> Stored data:

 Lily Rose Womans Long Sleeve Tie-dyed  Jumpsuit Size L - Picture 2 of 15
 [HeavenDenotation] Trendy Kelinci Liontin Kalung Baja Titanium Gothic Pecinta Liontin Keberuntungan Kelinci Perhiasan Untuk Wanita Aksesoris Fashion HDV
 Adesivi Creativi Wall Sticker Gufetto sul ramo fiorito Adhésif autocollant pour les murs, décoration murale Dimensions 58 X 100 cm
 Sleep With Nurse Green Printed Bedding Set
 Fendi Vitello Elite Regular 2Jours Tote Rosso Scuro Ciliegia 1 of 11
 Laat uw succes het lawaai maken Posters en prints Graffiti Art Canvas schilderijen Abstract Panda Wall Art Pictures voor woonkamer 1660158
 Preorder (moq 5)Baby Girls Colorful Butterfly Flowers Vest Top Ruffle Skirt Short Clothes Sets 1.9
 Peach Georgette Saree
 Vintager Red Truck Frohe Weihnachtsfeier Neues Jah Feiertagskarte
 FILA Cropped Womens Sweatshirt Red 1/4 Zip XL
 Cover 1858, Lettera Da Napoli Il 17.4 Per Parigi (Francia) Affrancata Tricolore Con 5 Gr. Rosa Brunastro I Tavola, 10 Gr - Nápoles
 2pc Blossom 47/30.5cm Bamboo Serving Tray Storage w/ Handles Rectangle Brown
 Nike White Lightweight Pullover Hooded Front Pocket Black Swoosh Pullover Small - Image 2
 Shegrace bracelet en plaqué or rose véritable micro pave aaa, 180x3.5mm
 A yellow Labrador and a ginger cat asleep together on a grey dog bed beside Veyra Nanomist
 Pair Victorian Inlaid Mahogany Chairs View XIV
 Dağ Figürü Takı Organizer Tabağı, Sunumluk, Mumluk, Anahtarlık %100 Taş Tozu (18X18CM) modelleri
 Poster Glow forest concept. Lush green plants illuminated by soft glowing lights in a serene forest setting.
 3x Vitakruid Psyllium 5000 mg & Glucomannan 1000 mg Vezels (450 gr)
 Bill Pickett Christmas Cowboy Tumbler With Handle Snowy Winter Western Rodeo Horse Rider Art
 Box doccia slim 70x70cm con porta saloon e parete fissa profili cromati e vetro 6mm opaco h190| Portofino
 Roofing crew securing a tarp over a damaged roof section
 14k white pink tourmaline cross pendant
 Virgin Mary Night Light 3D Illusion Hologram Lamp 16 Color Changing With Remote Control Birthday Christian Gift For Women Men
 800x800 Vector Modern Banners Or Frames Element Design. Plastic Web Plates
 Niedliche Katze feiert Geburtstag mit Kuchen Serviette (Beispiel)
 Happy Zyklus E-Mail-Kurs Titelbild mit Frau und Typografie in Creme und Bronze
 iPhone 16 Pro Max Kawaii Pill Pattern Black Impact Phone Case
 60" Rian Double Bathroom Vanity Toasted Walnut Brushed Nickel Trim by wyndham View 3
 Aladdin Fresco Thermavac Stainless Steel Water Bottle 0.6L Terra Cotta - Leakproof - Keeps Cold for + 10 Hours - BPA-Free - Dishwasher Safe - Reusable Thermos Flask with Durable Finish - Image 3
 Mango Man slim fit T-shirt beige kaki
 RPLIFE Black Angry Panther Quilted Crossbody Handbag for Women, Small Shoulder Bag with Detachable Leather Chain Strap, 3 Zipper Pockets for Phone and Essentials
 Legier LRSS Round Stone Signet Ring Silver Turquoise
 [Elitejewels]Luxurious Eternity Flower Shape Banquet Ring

> Assignment: The required answer is the exact run of lines above starting at the line with "800x800 Vector Modern" and ending at the line with "Happy Zyklus E-Mail-Kurs", with both ends present.

> Answer box:
 800x800 Vector Modern Banners Or Frames Element Design. Plastic Web Plates
 Niedliche Katze feiert Geburtstag mit Kuchen Serviette (Beispiel)
 Happy Zyklus E-Mail-Kurs Titelbild mit Frau und Typografie in Creme und Bronze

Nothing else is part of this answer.